Downregulation of AKT activation suppresses the β-catenin activity in the FTC of Thrb^PV/PV-PTU mice. Protein abundance of phosphorylated-Ser522-β-catenin (Aa), total β-catenin (Ab), cyclin D2 (Ba) and MMP2 (Ca) in thyroid cells of Thrb^PV/PV and Thrb^PV/PV-PTU mice was determined by immunoblotting. For each sample, 30–40 μg protein of whole thyroid tissue extract was examined. GAPDH was used as the loading controls (Ac, Bb and Cb). Representative results were shown from the analysis of four to six mice in each group. Average ratios of p-Ser522-β-catenin/total proteins or cyclin D2(or MMP2)/GAPDH were indicated for each mouse group.

Figure 7

A proposed model illustrating the effects of reduced TH in thyroid cancer development in Thrb^PV/PV-PTU mice. In Thrb^PV/PV thyroid tumor cells, TRβPV directly interacts with PI3K to activate AKT signaling pathway (Furuya et al., 2006).

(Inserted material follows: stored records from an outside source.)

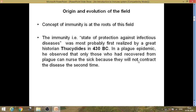This phenomenon of immunity was first realized by the great historian Thucydides in 430 BC during a plague epidemic in Athens. He observed that only those who had recovered from the plague could nurse the sick, because they would not contract the disease a second time. Those people who had the disease and recovered had developed immunity against it, making them best fitted for nursing the sick.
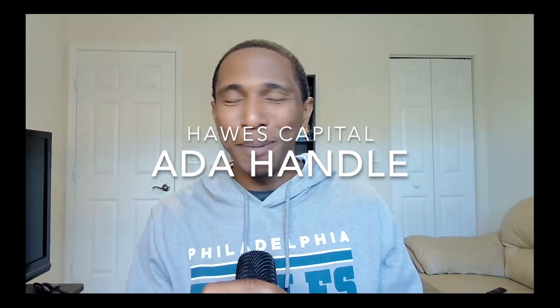What's going on beautiful people, welcome back to another Horse Capital video. I got a good one for you guys today. This one is going to be tied into NFTs and your wallets. We are going to be talking about ADA Handles.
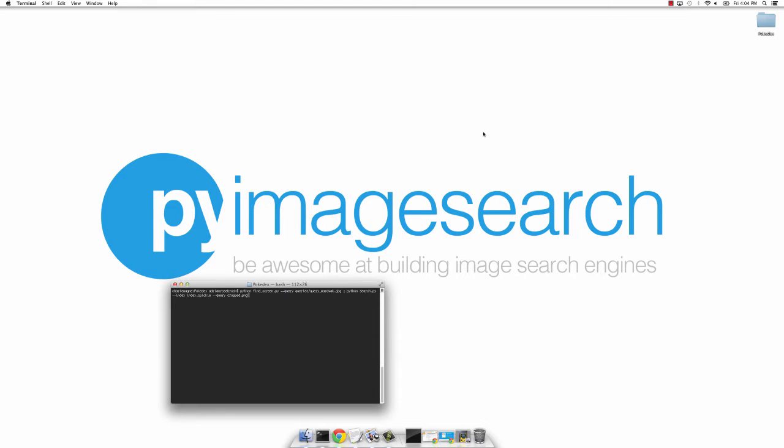Hi everyone, this is Adrian from Pi Image Search. I just wanted to record a quick little screencast and show you what we're going to be building over the next few weeks.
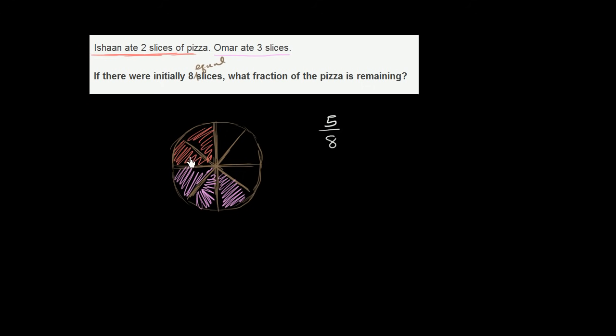Because they ate one, two, three, four, five out of a total of eight pieces. But that's not what this question is asking. They are asking, what fraction of the pizza is remaining?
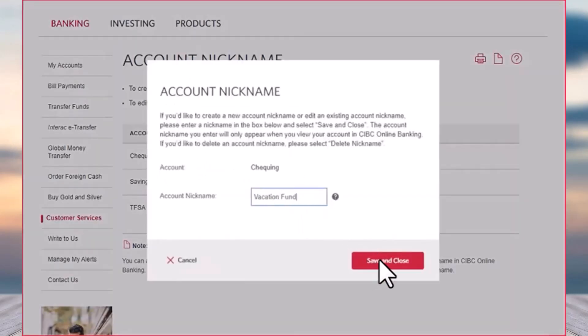Now once you tap on the option Save and Close, you will have successfully added an account nickname on your CIBC Bank.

By suppression of TH in these cells, the membrane receptor integrin αvβ3 was downregulated. In addition, the PTEN activity was activated, which decreased the formation of PIP3. The reduction of PIP3 decreased the p-AKT and its downstream β-catenin and GSK3β signaling cascades to inhibit cell proliferation. The solid arrows indicate the direction of signaling cascade. The broken arrows mark the up and down changes.